Sunday, January 2, 2011

Laying the Foundation

By: Tom

Sarah and I are steadily working to get to a position where we've locked in trip dates and are ready to make reservations.

On Wednesday Sarah tried out a Prijon Seayak at the local pool session.  The Seayak has a reputation as a tough and somewhat slow boat.  It is a bit over 16 feet long and 24 inches wide.  The outfitter has a Seayak available for her and a Prijon Kodiak available for me.  I learned to paddle in a Kodiak.  It was the first kayak I bought and I still paddle it on occasion.  I've done two week-long kayaking camping trips in Lake Superior in my Kodiak and it performed superbly.  I'm quite fond of the Kodiak in particular and the Prijon line in general.
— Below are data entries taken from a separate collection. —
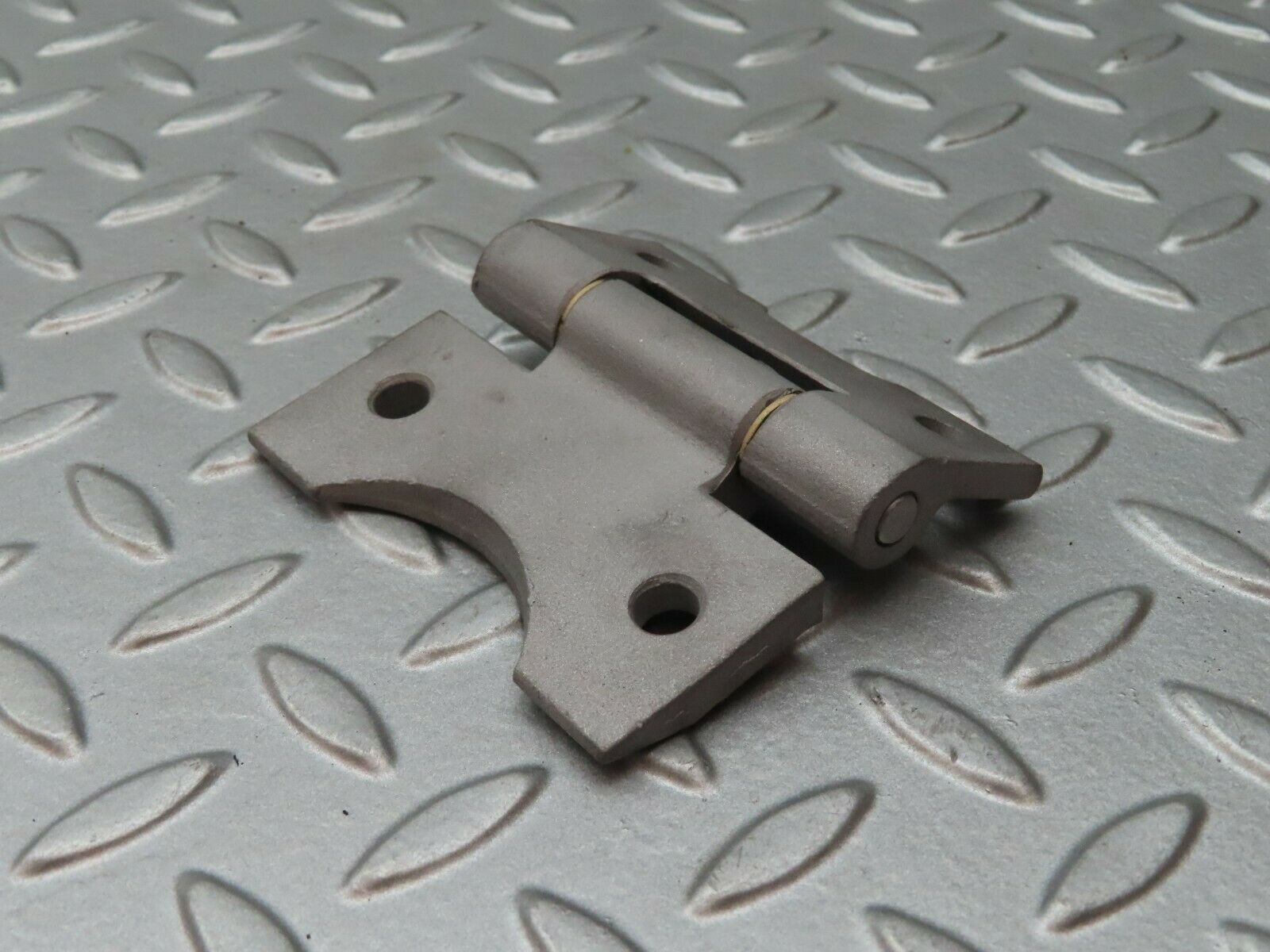 4159 Mercedes-Benz C123 230CE Coupe Door Hinge 1237200037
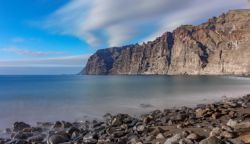 Los gigantes desde la playa de los Guíos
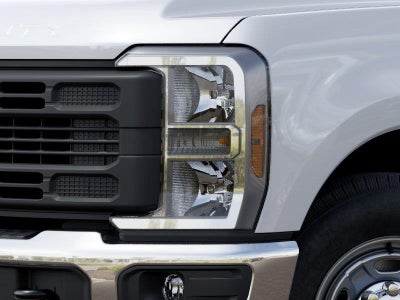 2027 Ford Super Duty F-350 SRW XL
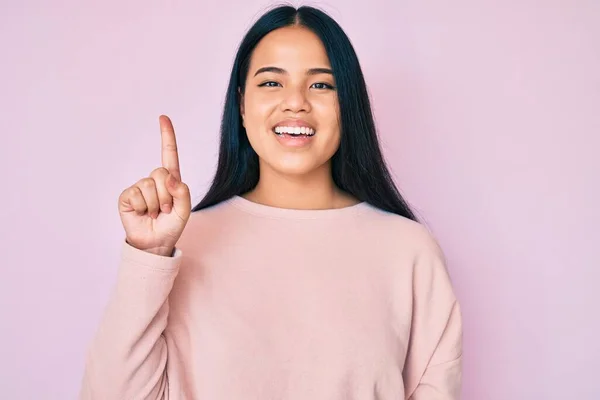 Jong Mooi Aziatisch Meisje Dragen Casual Roze Trui Glimlachen Met — Stockfoto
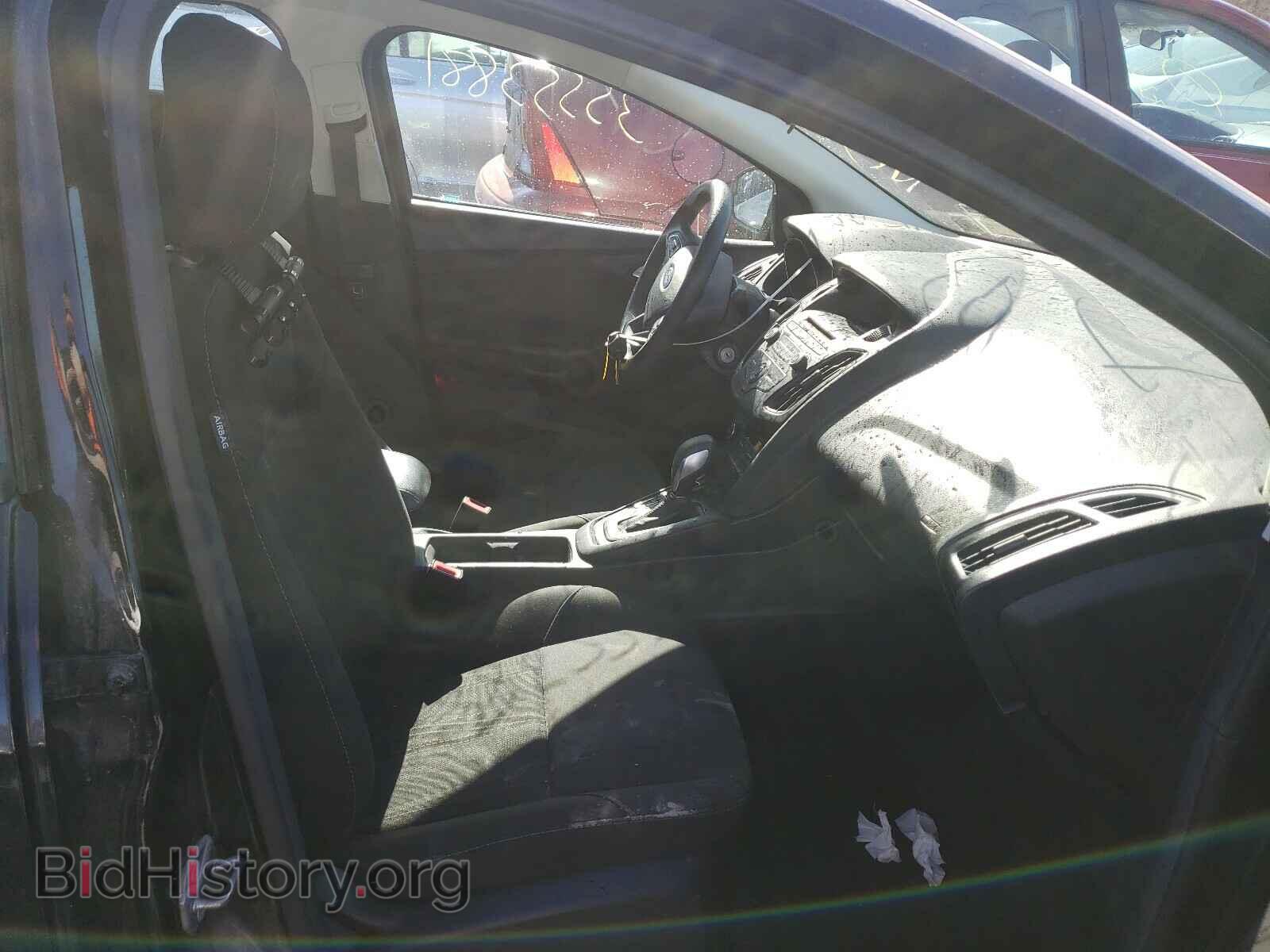 2017 FORD FOCUS - VIN: 1FADP3FE6HL321879 - Photo 5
Sarah remained to be persuaded.  The first Seayak Sarah tried was a new model.  She hated it.  The edge of the cockpit seemed to come up almost to her armpits and it was apparent that the boat did not become her.  Kayak Dave, the pool session organizer, then had her try out an earlier version of the Seayak.  Sarah bonded with this boat.  It fit her much better and she immediately displayed much more confidence in the boat.  Before long she was working on rolls and sharp, crisp turns.  Hopefully, our outfitter will have an old model Seayak.  Otherwise, Sarah may be scouring Yellowknife for a suitable kayak.

The next day we met for lunch.  She pulled out her chart and I pulled out the topos.  We agreed on a tentative plan that will have us spending time in both Christie Bay and McLeod Bay as well as doing an interesting portage out of Wildbread Bay to access Christie Bay.  The route will give us plenty of options and a varied land and water environment.

It is a bit old-fashioned in the day of Google Earth and GPS units to be fiddling around with hard copy charts and maps.  Yet, it is great to pat down a map and have the whole sweep of possibilities laid out before you.  We measured and discussed and reached a good realization that neither of us has any goal (e.g., minimum mileage) or destination (e.g., Fort Reliance at the end of the East Arm) of overriding importance.  This absence of burning ambition is important from a risk management perspective because it means we (hopefully) will be a bit less inclined to take undue paddling risks.

I learned my lesson in Georgian Bay when it comes to letting ambition override good common sense.  I have no desire to repeat the experience in the GSL.  Yet, I doubt that anyone will think we are lollygaggers.  I expect that we will cover a fair number of miles and push ourselves a bit to explore the new (to us) GSL environment.  It is a bit strange for me--and I speak only for myself--to be planning a trip where the primary goal is to be in the place rather than meet some arbitrary goal--e.g., complete a circumnavigation or cover X miles of coastline.

Sarah wants to take an ACA Instructors Certification Exam that has been scheduled for Labor Day.  We had tentatively hoped to end our GSL adventure that same weekend.  Either the ICE will be rescheduled or we will move up our trip.  Pushing up the dates means warmer weather, more daylight. . . and more bugs.

Hopefully, the issue of dates will be resolved soon.  We'll then reach out to our outfitter and local airline to lock in boats, lodging and flights to and from the East Arm.  We can then turn our attention to planning how to live and paddle safely and well for two weeks on wilderness water.